Starring Liam Neeson, Maggie Grace and Famke Janssen
Liam Neeson is gradually becoming a tragic character in himself. He’s just always having things taken from him. In 2012 alone we’ve witnessed him grieve for the death of his wife in the surprisingly poignant The Grey, had a ghostly reminder of his loss of a loved one in The Dark Knight Rises and seen him stripped of the last shred of his credibility in Battleship. As if having his daughter kidnapped by sex traffickers in Taken wasn’t enough, his aging heart is being pushed to the limit yet again in Taken 2.
If you didn’t get around to catching the original, which was a serviceable action romp at the very best, then it’s not essential that you need to be filled-in prior to watching the sequel. The film tells the whip-lash inducing story of Bryan Mills (Neeson), a retired CIA agent with a ‘very particular set of skills’ who you certainly don’t want to mess with. Except, people choose to anyway and it’s not long before they feel Mills’ snarling, overly-possessive wrath tear through their sex and drug infested European streets. Now, in order for one to retrieve one’s loved ones, it’s pretty much a necessity that a few lives be taken along the way. That’s the basic set up for this slap-dash follow up – basically, the family of the deceased kidnappers aren’t very happy and will stop at nothing to get cold hard vengeance.
The film sets the scene by demonstrating how, even years down the line, Mills is just as obsessive about his daughter Kim’s (Grace) safety as he ever was. Now Kim appears to have ditched her dream of becoming a singer and decided to canoodle with her new boyfriend Jamie (Luke Grimes). It would be an understatement to say that Mills is wary of Kim’s new man. In fact, he seems to disapprove so strongly that it wouldn’t be a surprise if the inevitable third outing sees Mills chasing Jamie for having taken his precious daughter’s virginity. This doesn’t stop Kim from loving her old man and when her and her mother (Janssen) pay him an unexpected visit in Istanbul they inadvertently wander right into the hands of evil.

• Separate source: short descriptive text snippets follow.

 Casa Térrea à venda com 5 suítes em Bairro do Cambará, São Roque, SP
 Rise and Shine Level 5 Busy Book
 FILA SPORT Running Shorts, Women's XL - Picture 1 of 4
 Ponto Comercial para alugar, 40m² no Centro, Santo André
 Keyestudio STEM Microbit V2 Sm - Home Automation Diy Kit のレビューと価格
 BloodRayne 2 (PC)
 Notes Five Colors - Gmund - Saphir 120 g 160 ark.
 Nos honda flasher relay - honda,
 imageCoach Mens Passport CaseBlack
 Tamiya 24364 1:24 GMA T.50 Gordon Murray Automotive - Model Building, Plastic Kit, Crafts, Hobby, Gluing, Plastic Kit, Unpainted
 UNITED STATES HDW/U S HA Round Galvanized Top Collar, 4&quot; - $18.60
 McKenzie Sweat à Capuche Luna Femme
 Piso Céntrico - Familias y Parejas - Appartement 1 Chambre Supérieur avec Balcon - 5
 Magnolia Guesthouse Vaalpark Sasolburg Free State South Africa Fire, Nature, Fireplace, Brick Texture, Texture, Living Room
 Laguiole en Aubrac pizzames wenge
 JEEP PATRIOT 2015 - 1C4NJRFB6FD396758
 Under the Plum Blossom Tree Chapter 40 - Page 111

Whereas the original Taken used its extremely linear narrative as merely an excuse to see Neeson break a few bones, the carnage that followed was no-holds-barred, brutal fun. However this installment, unlike its 15 certificate predecessor (18 on DVD release), has been branded with the fateful 12A, meaning that even young developing minds can feel the full force of Neeson’s bullet-spraying fury so long as they’re accompanied by an adult. This is something that will likely deter the bafflingly expansive fan-base of the original. A 12A on a film’s poster is pretty much the equivalent of a ‘Sugar Free’ label on a soft drink can. It promises to shy away from blood and to censor violence through nauseatingly shaky camera movements that mute the overall intensity. This is absolutely applicable in this instance, where the action is portrayed through editing that hops dizzyingly back and forth from one perspective to another like a child with an overflowing bladder. There’s even one moment where midway through a particular gunfight the perspective switches to that of a CCTV camera which, ironically enough, would be preferable as at least it manages to remain static.
So if a film like Taken has been stripped of its muscular defining characteristic, then you’re essentially left with a below-par thriller that could be described as Diet Bond or Bourne Lite. But it’s hardly a joyless spectacle, on the contrary Taken 2 provides ample amusement, but this time it’s not through vicious violence, it’s through it’s own unabashed absurdity. It’s more than happy to poke fun at itself through self-referential gags and it wanders so far outside the zones of plausibility that it finds itself in the embassy of hilarity. In no other film do you see the protagonist commanding his daughter to throw live grenades so that he can pinpoint her exact location. In its final act it tries to squeeze meaning out of its (thankfully short) story like water out of a stone and its such an utterly preposterous sight to behold that it ultimately makes for laughable, forgettable silliness.
These days most Hollywood blockbusters ask its audience to wear 3D glasses for optimal viewing pleasure. Taken 2 requires a different kind of eyewear…beer goggles.